Over on the Model Railroad Forum someone asked what FEF meant on UP 4-8-4s (Four Eight Four). Someone else said he hoped his Big Boy wasn't a "FEEF". Found an image of the real 4017 & under the cab # it says"4-8-8-4-2-68". Is that true of all UP Big Boys & what does it say on your Big Boy models being discussed here?


----------



## EMD_GP9 (Jun 19, 2012)

This may explain the cab markings.

http://www.steamlocomotive.com/bigboy/

And what about the U.P. TTT ? Two-Ten-Two.

http://www.steamlocomotive.com/santafe/?page=up

In my collection I have an FEF by Rivarossi and a TTT by BLI.

Regards, Colin.


----------



## fs2k4pilot (Jan 5, 2013)

lajrmdlr said:


> Over on the Model Railroad Forum someone asked what FEF meant on UP 4-8-4s (Four Eight Four). Someone else said he hoped his Big Boy wasn't a "FEEF". Found an image of the real 4017 & under the cab # it says"4-8-8-4-2-68". Is that true of all UP Big Boys & what does it say on your Big Boy models being discussed here?


On the 4017, that number 2 should actually be a number 1. Big Boys 4000-4019 were part of the original production run of Big Boys, and thus carry the number 1 in the cab information. Big Boys 4020-4024 were part of the second, wartime production run, and carry the number 2 on the cab. The five "war babies" differed only in the substitution of some less strategically important materials, and since the replacement parts had to be made a little larger and heavier to handle the same stresses, the second five Big Boys were a few thousand pounds heavier than the first twenty. UP 4023, located near Lauritzen Gardens, overlooking I-80 in Omaha Nebraska, is the only remaining wartime production Big Boy.

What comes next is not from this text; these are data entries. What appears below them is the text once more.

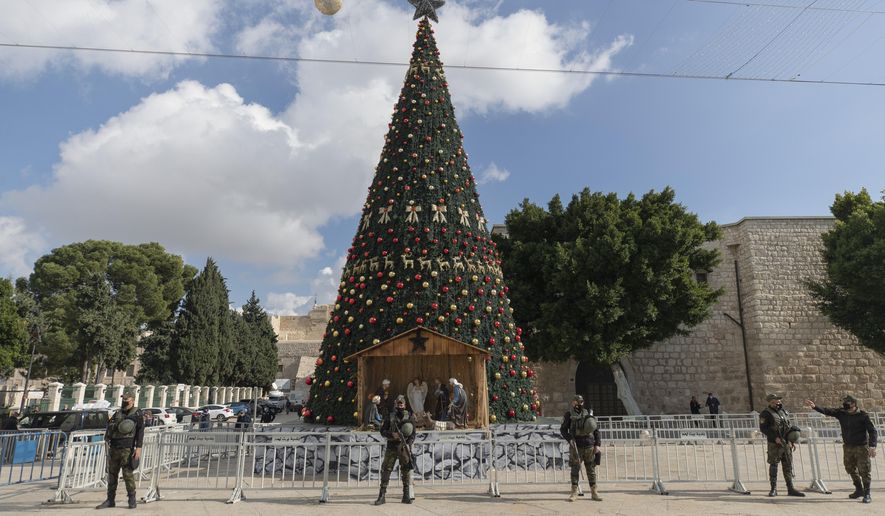 A Palestinian National security unit is deployed in Manger Square, adjacent to the Church of the Nativity, traditionally believed by Christians to be the birthplace of Jesus Christ, ahead of Christmas, in the West Bank city of Bethlehem, Wednesday, Dec. 23, 2020. (AP Photo/Nasser Nasser)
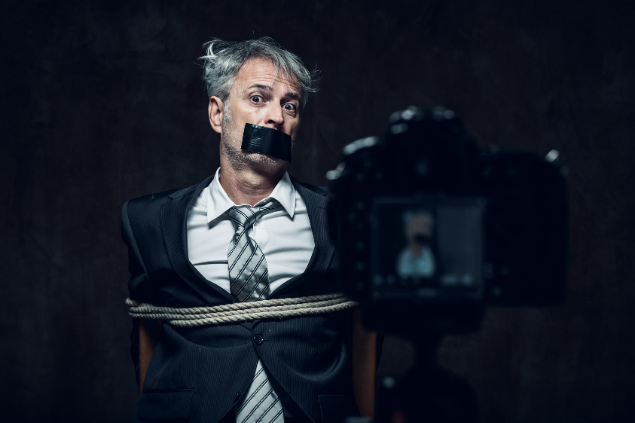 Homem sendo feito de refém enquanto é filmado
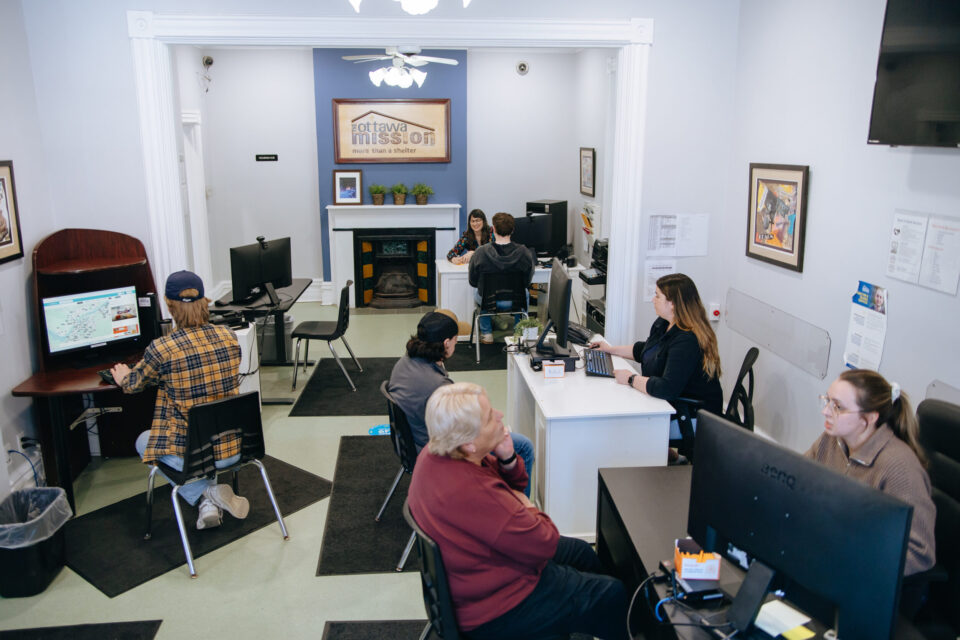 Various people sit at desks inside a well-lit, clean room. A sign at the back of the room reads: "The Ottawa Mission."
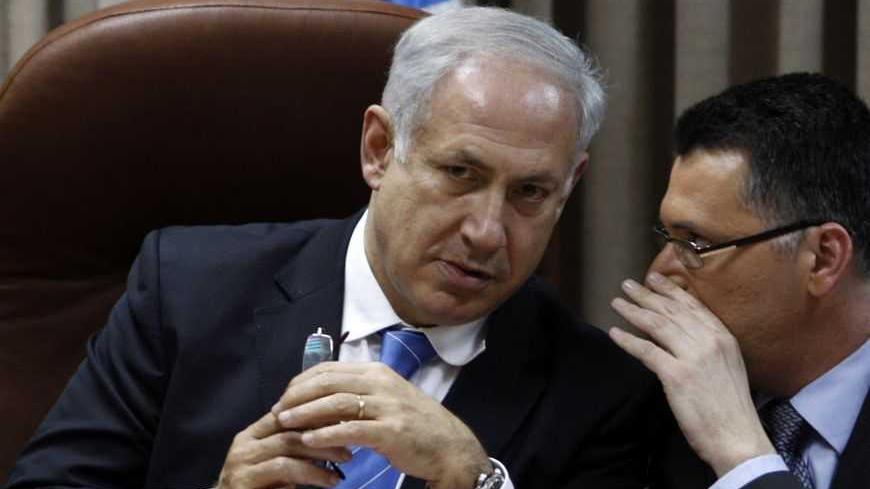 Israel's Likud party leader Benjamin Netanyahu listens to Gideon Sa'ar, a member of the Knesset, during a party meeting at the Israeli parliament in Jerusalem February 11, 2009. Israel headed for political gridlock on Wednesday with both Foreign Minister Tzipi Livni's centrist Kadima party and Netanyahu's right-wing Likud party declaring victory in an election that left the prospect of Israel and the Palestinians making peace as distant as ever. REUTERS/Baz Ratner (JERUSALEM) - RTXBIAC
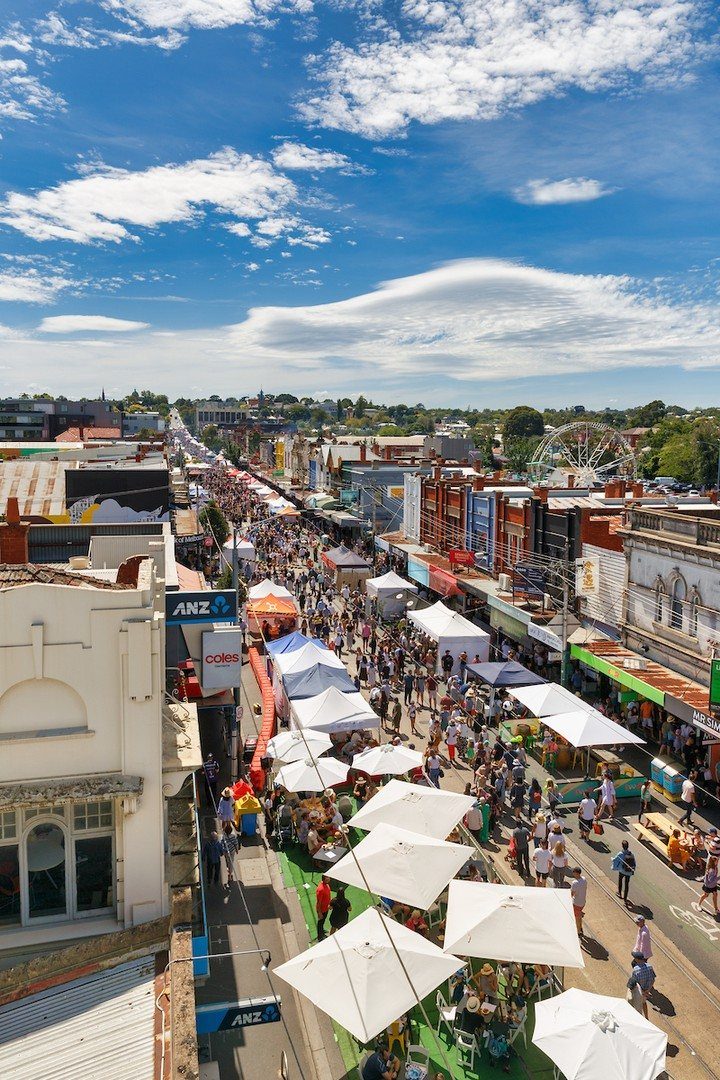 Crowded city street festival with white tents and many people under a blue sky.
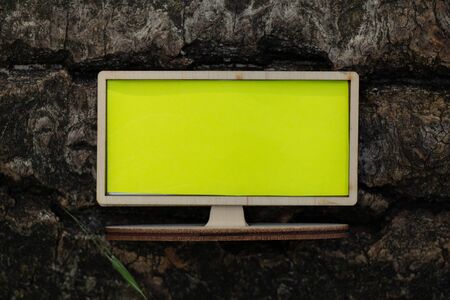 wooden small tv with a yellow screen stands on a tree in the forest, empty space for text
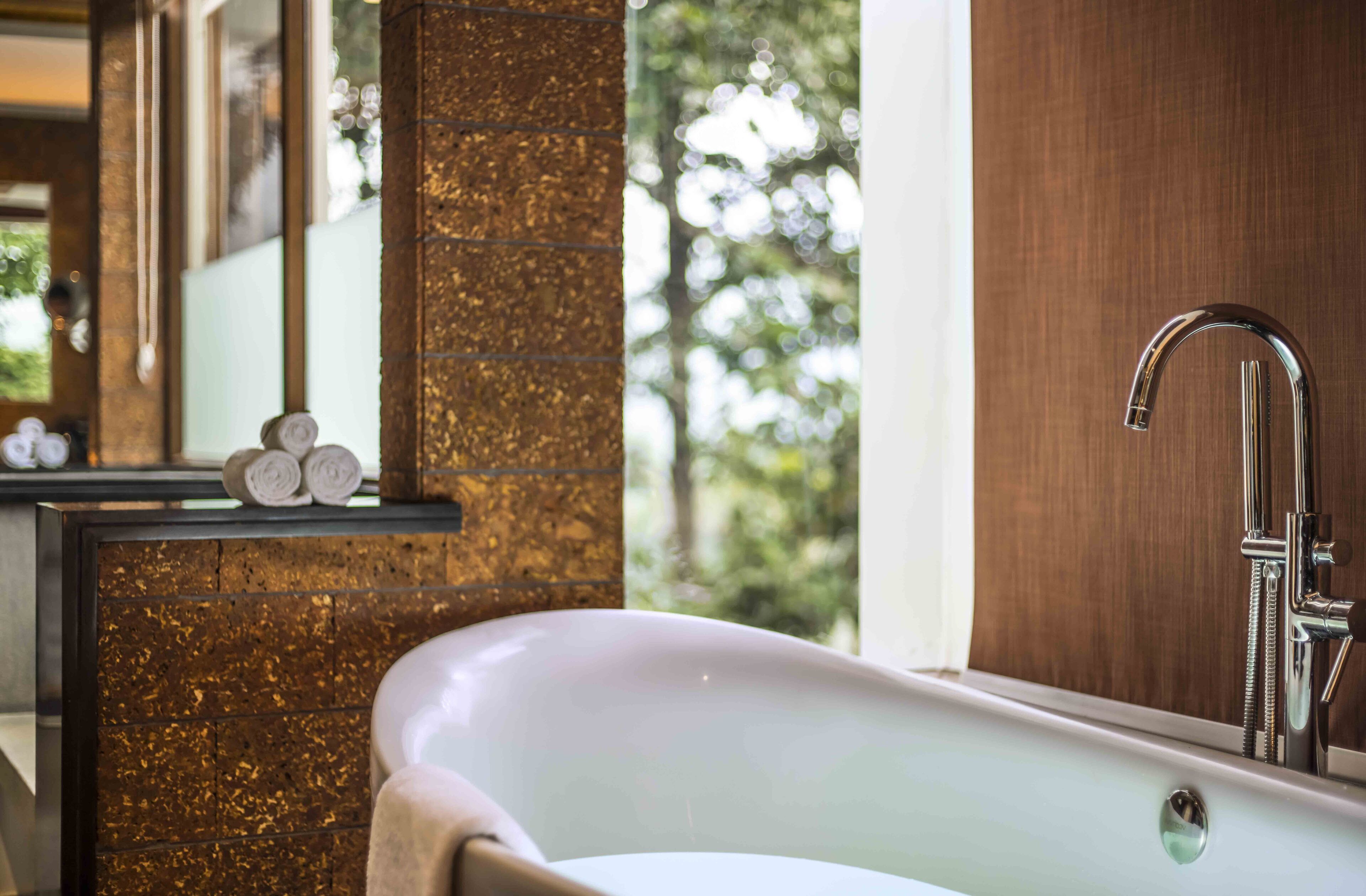 A modern bathroom with a freestanding bathtub, a wooden vanity, and a large mirror.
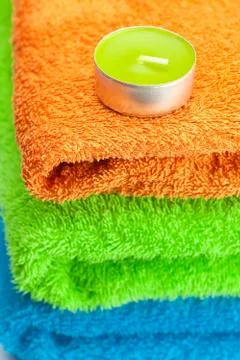 Background of the three multi colored terry towels and candle Stock Photos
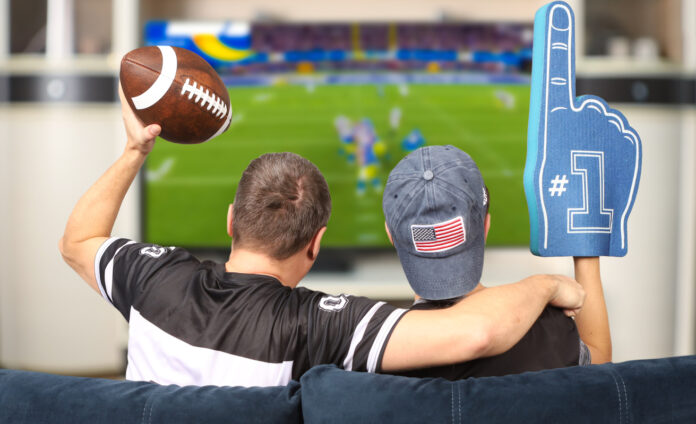 Fans of american football. Father and son watching TV. A father and son watching the Super Bowl on TV at home.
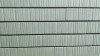 Vue frontale du carreau façade vertical long 5,4 x 36 cm S.02 en gris, graphite, blanc et écru.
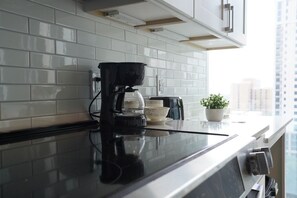 A kitchen with white subway tiles, a black coffee maker, a white bowl, and a potted plant on the counter. - Luxury High-Rise - Designer-Inspired Stay with City Views (Atlanta)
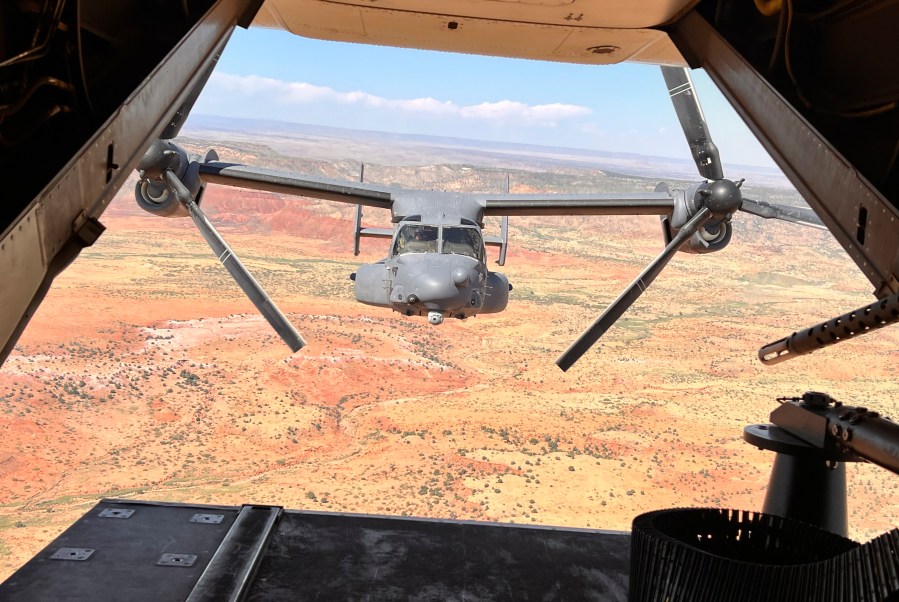 FILE - Two Air Force Special Operations Command CV-22B Ospreys fly low and fast in formation on a training range named the Hornet at Cannon Air Force Base, N.M., Oct. 9, 2024. (AP Photo/Tara Copp, File)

Here's a picture of the 4017 from Wikipedia, and you can see that it does in fact have a 1 on the cab side.
http://upload.wikimedia.org/wikipedia/commons/f/f8/UP_Big_Boy_4017_reverse_angle_2.jpg


----------



## lajrmdlr (Apr 25, 2014)

fs2k4pilot said:


> On the 4017, that number 2 should actually be a number 1. Big Boys 4000-4019 were part of the original production run of Big Boys, and thus carry the number 1 in the cab information. Big Boys 4020-4024 were part of the second, wartime production run, and carry the number 2 on the cab. The five "war babies" differed only in the substitution of some less strategically important materials, and since the replacement parts had to be made a little larger and heavier to handle the same stresses, the second five Big Boys were a few thousand pounds heavier than the first twenty. UP 4023, located near Lauritzen Gardens, overlooking I-80 in Omaha Nebraska, is the only remaining wartime production Big Boy.
> 
> Here's a picture of the 4017 from Wikipedia, and you can see that it does in fact have a 1 on the cab side.
> http://upload.wikimedia.org/wikipedia/commons/f/f8/UP_Big_Boy_4017_reverse_angle_2.jpg


Your pic of 4017 is a "stuffed" one for a museum display. My pix is of the 4017 in working condition. So was that 4017 numbered wrong for the batch it was constructed? Or were the 2 batches not consecutively numbered?


----------



## fs2k4pilot (Jan 5, 2013)

lajrmdlr said:


> Your pic of 4017 is a "stuffed" one for a museum display. My pix is of the 4017 in working condition. So was that 4017 numbered wrong for the batch it was constructed? Or were the 2 batches not consecutively numbered?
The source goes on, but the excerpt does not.